If you’re still curious about why the simpler example passphrase was twice as strong as the complex one, then you’ll need to understand the basic concept of information entropy. The strength of a password or passphrase is a function of its length, its complexity, and its unpredictability. I don’t want to assume any specific math knowledge on your part, but you probably remember exponents. (2^2 = 2x2 = 4, 2^3=2x2x2 = 8, and so on.) You may also recall the idea of putting a penny in the bank and then doubling your deposit every day of the month. On day 31, you’d be depositing 2^30 pennies or $10,737,418. The chance that someone would correctly pick out one special penny from the truckload you’d be driving to the bank that day is 1/1,073,741,824, or about one in a billion. If we’re now talking about passwords instead of pennies, we’d say the strength of a corresponding password has “30 bits” of entropy. While a billion guesses for brute force discovery of your password sounds like a lot, in reality, it’s not. A 30-bit password is relatively weak. A 50-bit one is reasonably strong (a million times better than the 30-bit), but still insufficient for protecting high-value accounts and information like your bank login.
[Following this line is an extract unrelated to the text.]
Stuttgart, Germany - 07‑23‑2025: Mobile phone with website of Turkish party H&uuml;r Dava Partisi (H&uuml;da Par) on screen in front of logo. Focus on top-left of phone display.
For high-stakes purposes, you need to have a 60-bit to 120-bit password/phrase. In case you were wondering, a 60-bit one would require a quintillion (a million trillion) guesses to crack.

The entropy of a password/phrase depends upon its “symbol length” as well as the “entropy per symbol.” Arabic numerals (0-9) have ten possibilities and therefore 3.322 bits of entropy per character (i.e. 2^3.322 = 10. Lower case letters (a-z) have 26 possibilities and therefore 5.170 bits per character 2^5.170 = 26. See how this works? Continuing on, using a full character set consisting of mixed upper and lower case letters plus numbers and symbols has 95 possibilities and 6.570 bits of entropy per character. Sure, 95 symbols is a lot, but when you think of each short Diceware list word as a “character,” it’s just one of 7776 possible choices and has very high entropy per (12.925 bits). It therefore only takes a few dice rolls to create a very secure phrase.

This table shows what it takes to achieve a required level of security

Password/Phrase
Entropy

Numbers
Only
Lower Case
Letters Only
Full
Keyboard
Diceware
Words
32-bit
10
7
5
3
40-bit
13
9
7
4
64-bit
20
14
10
5
80-bit
25
18
13
7
96-bit
29
21
15
8
128-bit
39
28
20
10

Considering a strong 64-bit password/phrase, you’d need to memorize 20 random numbers (like 82075822616389652664), 14 gibberish lowercase letters (like drbpeuvgiixdd), 10 mixed characters (like vKmYJ9!.3D) or a 5-word Diceware passphrase (like “sense carl ouch menlo byword”). They’re all equally strong. You pick.

Just an Intro
While the above may seem very technical and detailed, at best, it’s just a brief intro. In this short article, I could only begin to give you a sense of what’s happening. Once you dip a toe in the encryption/password/security pool, the water gets very deep, very fast. Nonetheless, if you’ve followed along, you now know more about this topic than 99.999% of the population. And whether or not you understand the science behind it, just using this easy-to-follow Diceware strategy will ensure you’ll be on top of the Password Game.